Nuclear powerplants in Germany were beyond their lifespan and fixing and modernizing them was not economically feasible. Just too expensive compared to other forms of energy.
Germany certainly hasn’t been “replacing nuclear with coal”.
realitista@lemm.ee 6 months ago
Closing a nuclear plant means you keep a coal plant open. So you are in effect replacing nuclear with coal. If you kept the nuclear plant open you could close the coal plants instead. Idiotic move.
ChairmanMeow@programming.dev 6 months ago
The nuclear plants in Germany were too old and too expensive to maintain. At some point a reactor is just end-of-life. They get operational issues causing semi-frequent shutdowns. The reliability issues become a problem that skyrockets the costs further.
Closing a nuclear plant like that puts enough money back in the budget to afford a faster transition to renewables, which ultimately closes down the coal plants faster too. It’s about the big picture, it’s not as simple as simply saying “we’ll do less coal” or “we’ll do less nuclear”.
woelkchen@lemmy.world 6 months ago
I got this idea from reading (and linking) a recent 2024 source that you clearly didn’t read or ran through a translator. Your 2022 source is outdated.

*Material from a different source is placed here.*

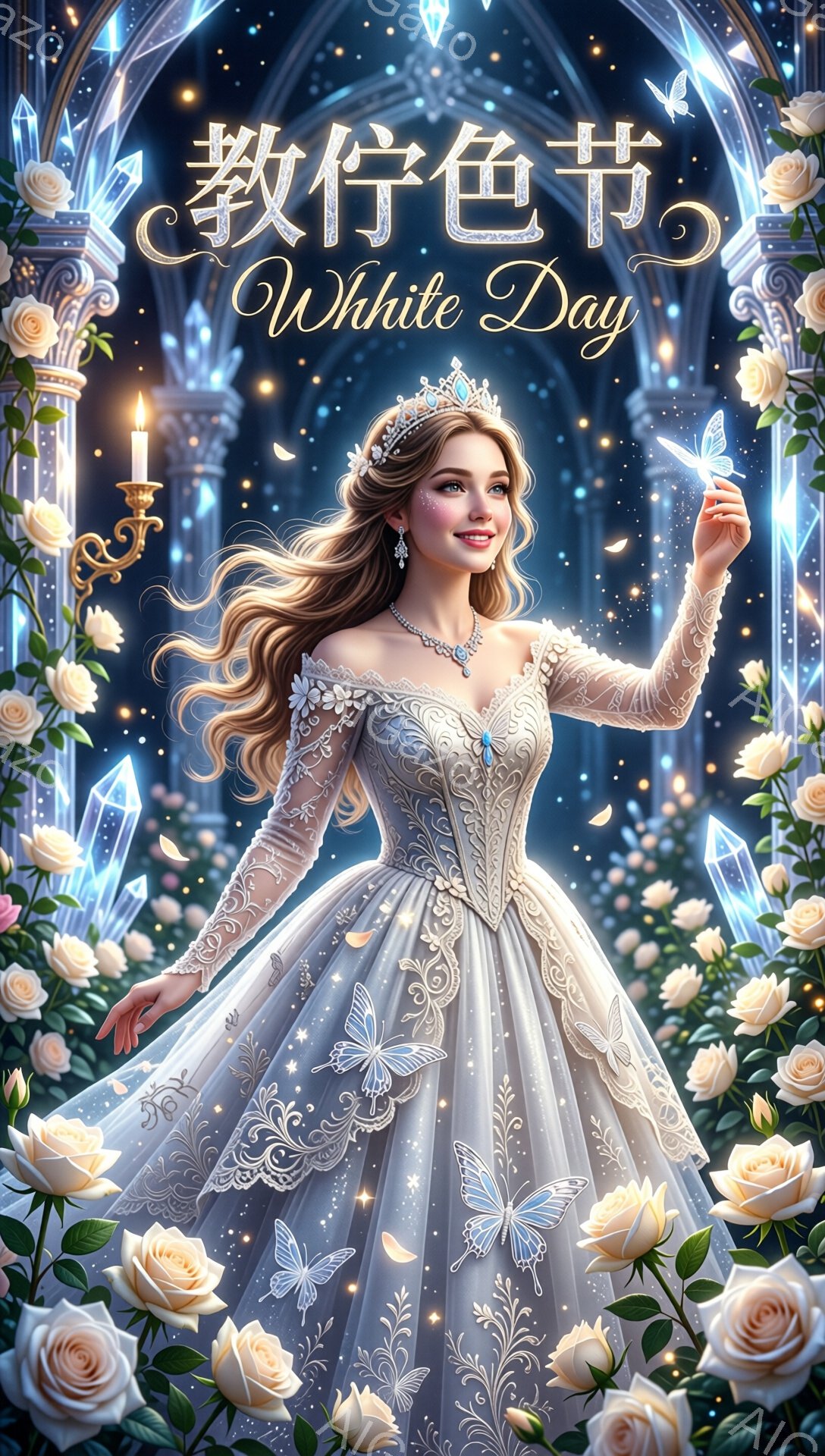 白い豪華なガウンを身に着けた女性が、背景のクリスタルや花々に囲まれて優雅に立っています。彼女は金髪をゆるくカールさせ、頭にはティアラをつけ、顔には穏やかな微笑みが浮かんでいます。空には蝶が舞い、まるで夢のような幻想的な雰囲気を醸し出しています。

Ibuthyr@lemmy.wtf 6 months ago
Mate, they closed the power plants because they have long surpassed their design operating hours. The upkeep alone costs so ridiculously much, no one can pay that kind of shit. Germany has even postponed the closing date due to the immediate crisis the Russians have created.
realitista@lemm.ee 6 months ago
I’d like to believe that this is true, but after the revelations of how much Merkel and Schroeder were in bed with the oil industry as well as the green party’s role in this, I’m skeptical to say the least.